The point of this exercise is it allows the contractor to analyze its projects to determine which projects actually produce a net profit. With this information, the contractor can better determine which projects it should chase and which it should avoid. In a competitive marketplace, can you really afford to charge a client for charges that he didn't incur?

Again, if you are forced to chase a particular type of project, it would make more sense to at least place the correct costs on that project. The author understands that contractors must use an estimated overhead figure to bid projects. No problem, he agrees. However, if you start to charge overhead expenses accurately, you will begin to develop a clearer understanding of your overhead costs by types of projects and even clients. For example, if a general contractor self performs its own concrete work, it might find that a poured-in-place concrete project typically has higher corporate overhead expenses than subbed-out steel-framed building. If that were the case, would it make sense to charge both types of projects the same overhead cost?

Another trap occurs when corporate management jumps in to bail out a bad project. When a project goes south, everyone chips in to save the project. Unfortunately, too often this extra overhead expense exceeds the project savings. Yet because the project ends up with a net profit, everyone cheers. While the overhead effort may have saved dollars, if those costs aren't applied to the project, it appears the project was profitable. Worse, because corporate management's time was redirected to this project, how many other projects suffered? How many opportunities were lost due to a lack of time?

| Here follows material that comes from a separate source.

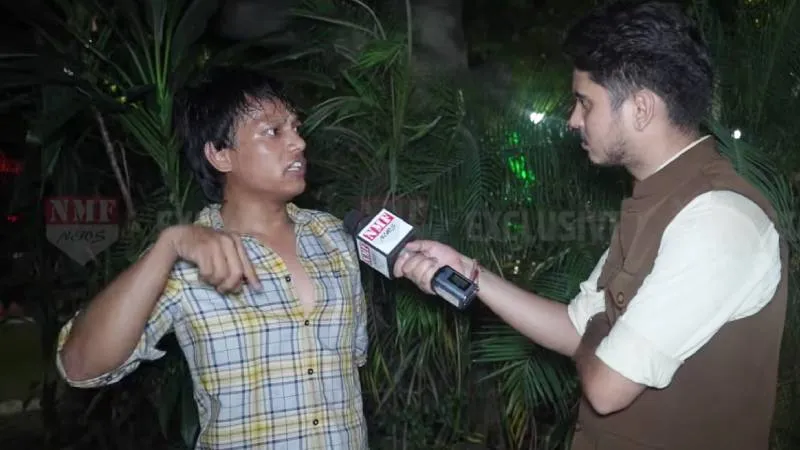 जंतर मंतर पर हुआ बवाल लेकिन फ्लॉप रहा प्रदर्शन ! कॉक्रोच ने ही पोल खोल दी!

Every contractor will have a bad project from time to time; it's the nature of the business. These problems occur for a multitude of reasons, such as poor estimates, mistakes in construction, or the selection of a poor subcontractor. These issues should be dealt with in a different manner, but the process of charging overhead costs to projects helps identify trends. In essence, it's about learning which clients and types of projects are most profitable so the company can focus on them. By placing the correct corporate overhead on projects you will make your company more competitive.

Even if you don't believe this is a worthwhile effort for your company, you should consider the client. Your job is to protect the client; that means you have an obligation to not charge the client for work that was not performed on his or her project. This includes corporate overhead. In the end this is the most equitable approach for all stakeholders.